わけもわからぬままに口走った言葉から始まった。
「義」
そこから始まった私の言葉遊び。義を貫くだとか、三成殿との友情に生きるだとか。
三成殿は、まるで自分の死を予感していたように、私の言葉遊びを糾弾した。
私は突如、手綱を失った憐れな武人となっていた。いまやいまやと振り落とされそうになることを覚悟した瞬間、抱え上げられ、地面に根をはった。
そのまま私は太陽を浴び、足元をより堅固に、揺るぎないものとした。
ようやくひとりで立てたのに、その姿を見てほしかったのに、私を見ていた眼は、ゆっくりと閉じた。
馬蹄が轟き、大地が揺れる。
いとも簡単にもみくちゃに凌辱の限りをつくされた、義。
雨が降る。
懺悔と、悔恨と、屈辱、未練、圧迫、慟哭、期待、未練、優劣、絶望、憎悪、高揚、不安、慢心、畏怖、快哉、驚愕、数えきれないほどの感情がないまぜになって、涙とともに義を濡らす。
それでも私は立っている。
しけった義はどんなに無理矢理折ろうとしても、折れない。

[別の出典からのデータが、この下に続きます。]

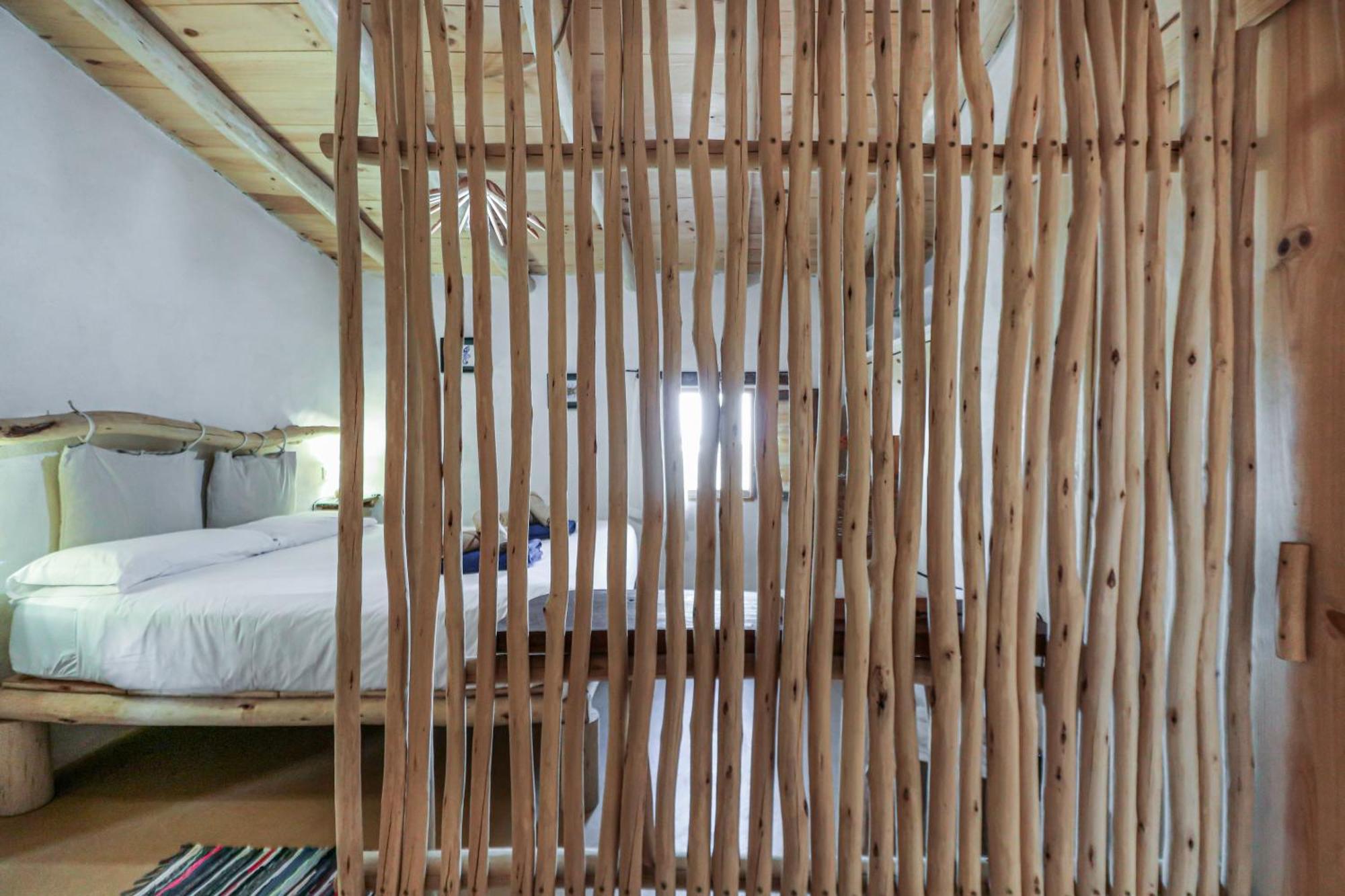 Trendy Rural House Casa Tazirga * Cabo Verde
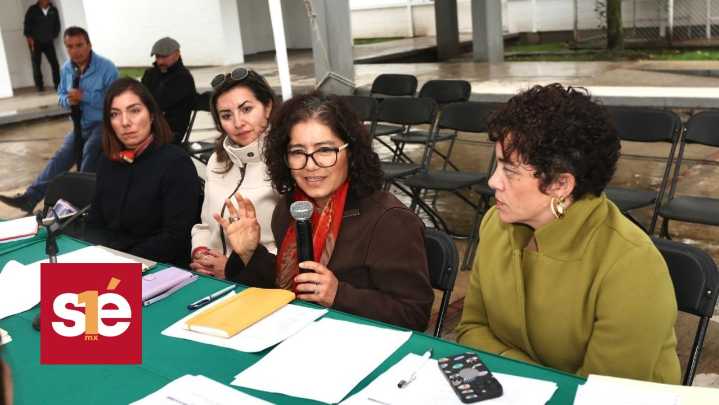 UAEMéx define plan de acción con la Facultad de Ciencias Agrícolas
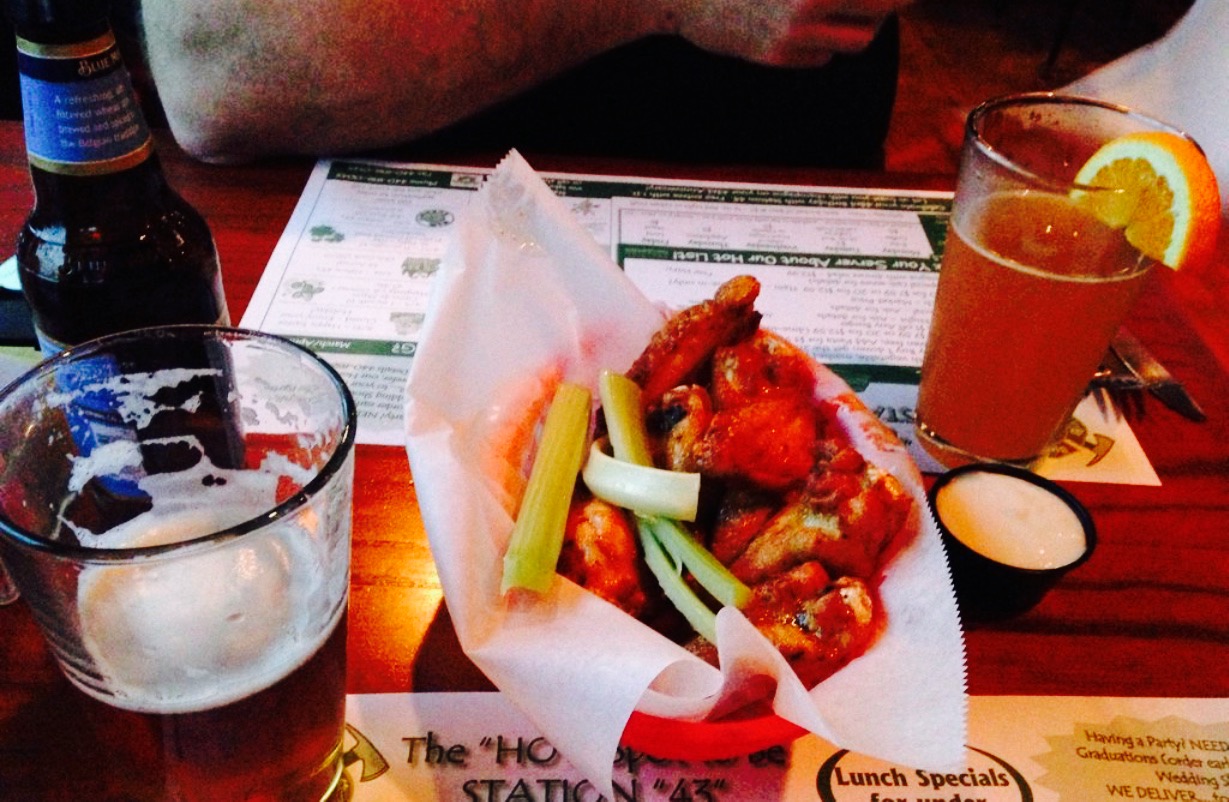 Station 43 Tavern餐厅图片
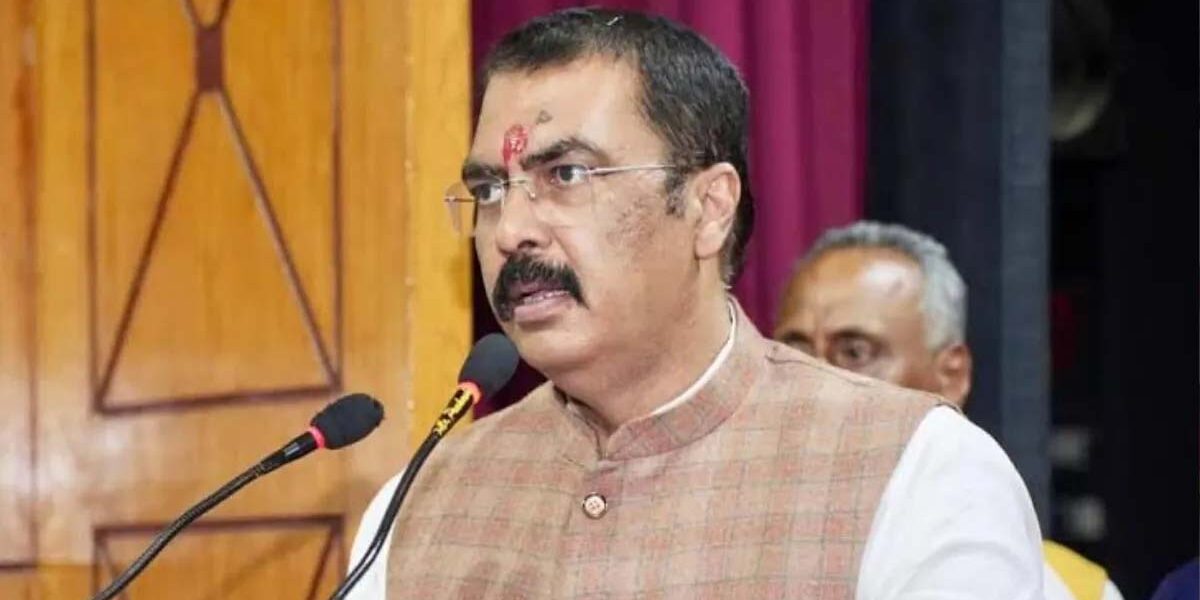 जमुई मामले पर BJP का सख्त संदेश, संजय सरावगी बोले- अपराधी कोई भी हो, कानून से ऊपर नहीं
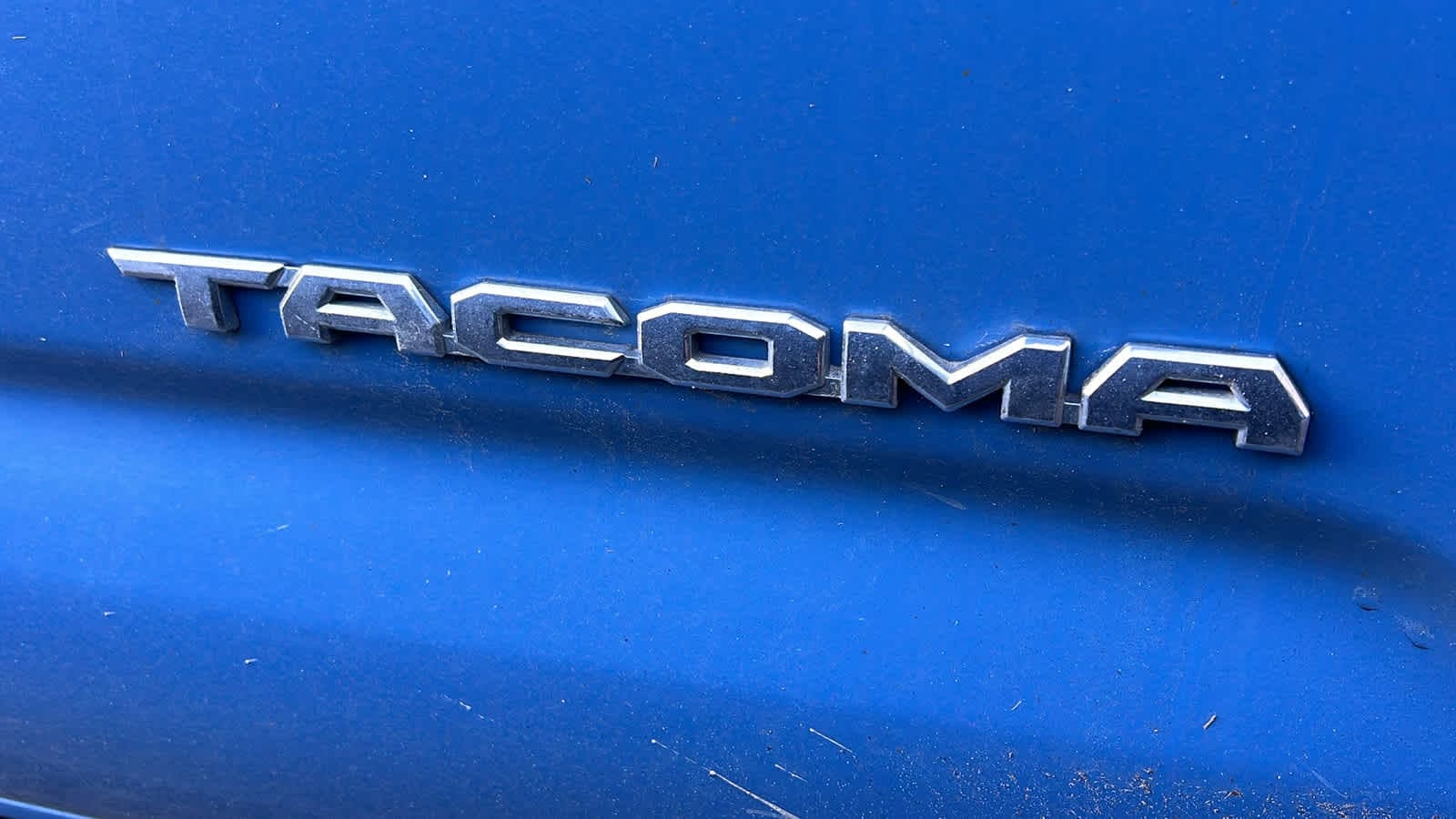 Thumbnail: 2019 Toyota Tacoma - 21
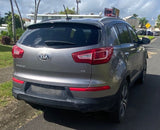 Auto Kia Sportage 11-16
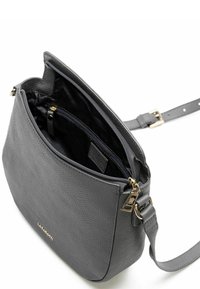 Lazarotti BOLOGNA   - Borsa a tracolla - grey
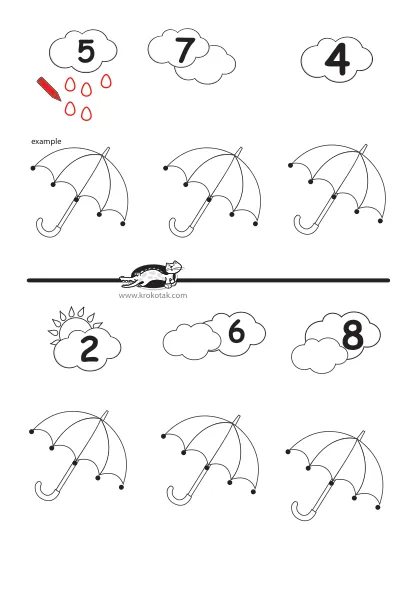 Learning picture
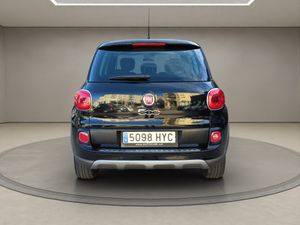 Fiat 500L Trekking 1.3 85 CV - Foto 6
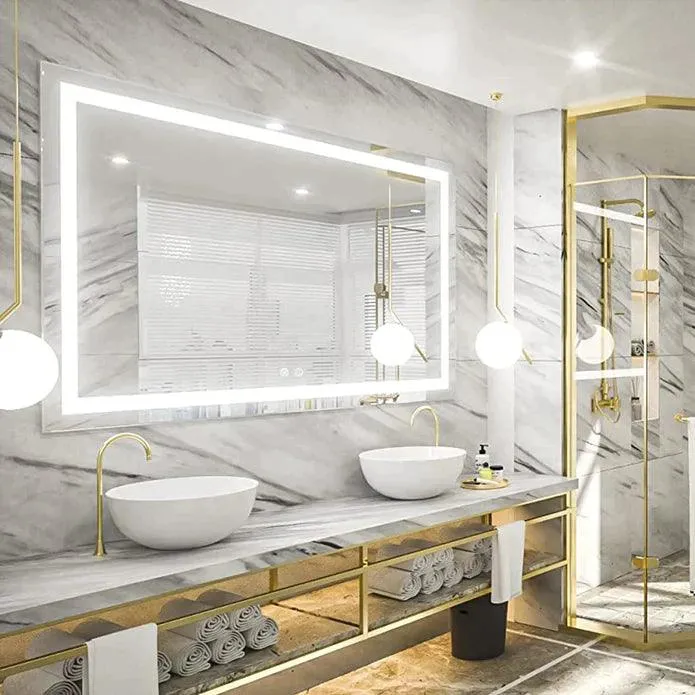 Kodaen Embrace Bathroom LED Vanity Mirror - MSL-105
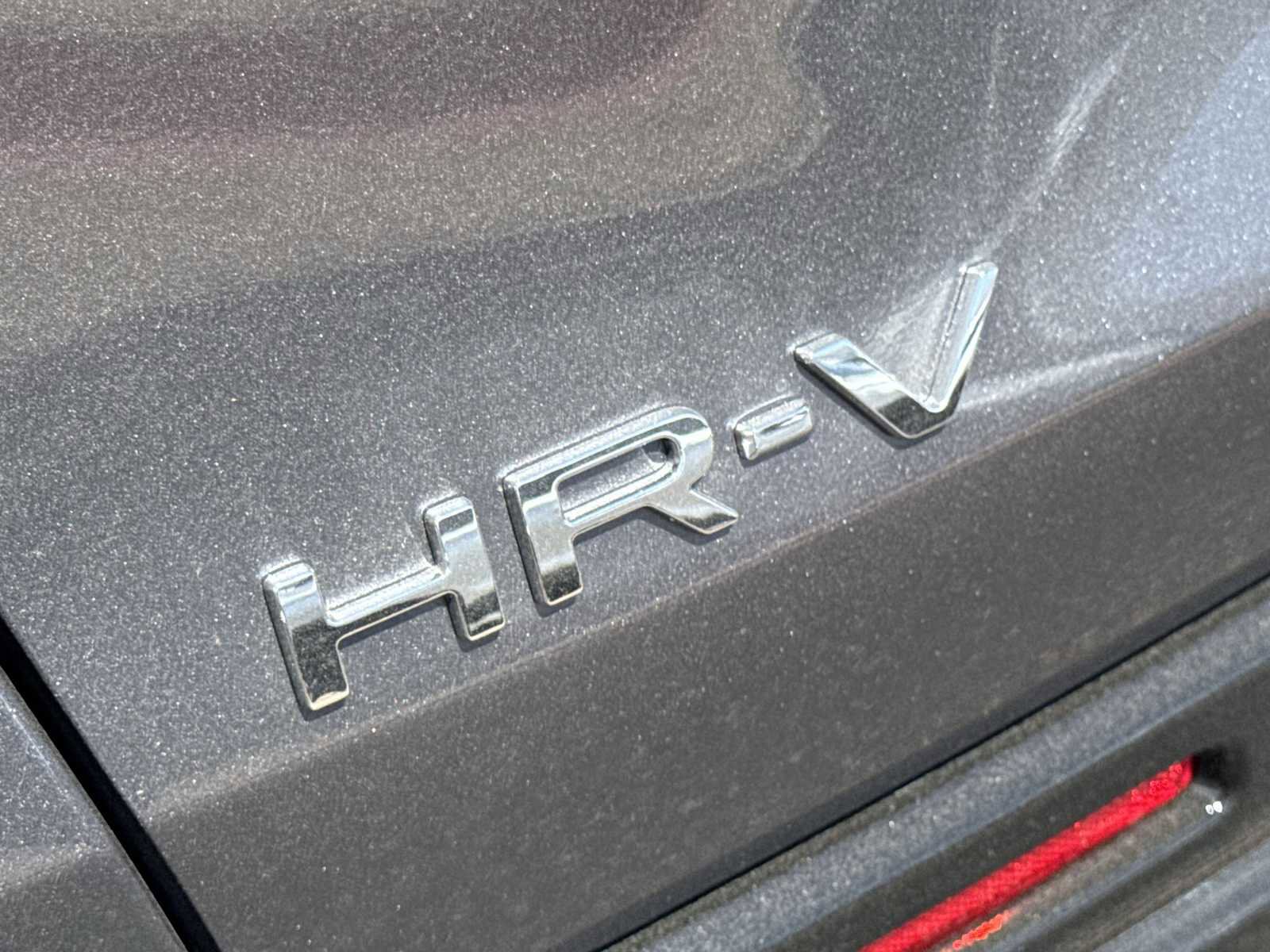 New 2026 Honda HR-V EX-L image 7
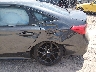2HGFE2F53RH****** Salvage and Repairable 2024 Honda Civic in Wisconsin State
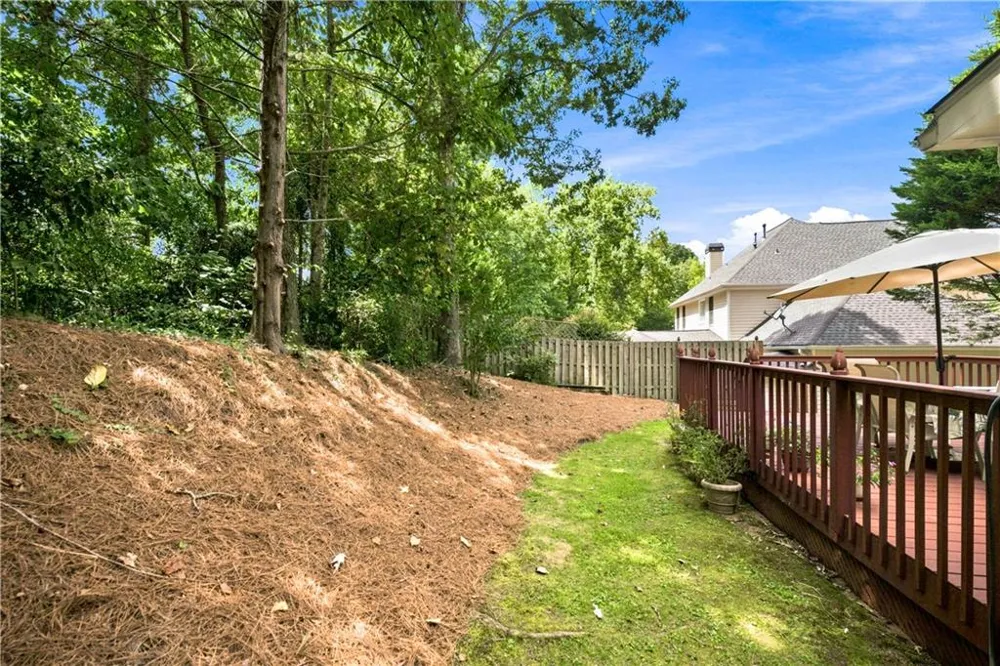 243 Harbor Pointe Drive Stone Mountain, GA 30087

ただ頑固に曲がるだけ。
わたしの志は、折れない。
一度決めたことに揺らいでいてはいられない。私を見てくださったたくさんの眼に、叱咤されてしまう。
それに、私はひとりではない。
ひとりで立っていたわけではないのだ。慶次殿に、兼続殿もいる。
いつまでも根をはっていてはいけない。進まねばならない。
隣には父上も、兼続殿も、慶次殿もいる。きっと、三成殿も島殿もいらっしゃる。お館様も、いらっしゃるかもしれない。
だから、私は進める。
私ひとりでは出来ぬことも、皆がいれば、必ず。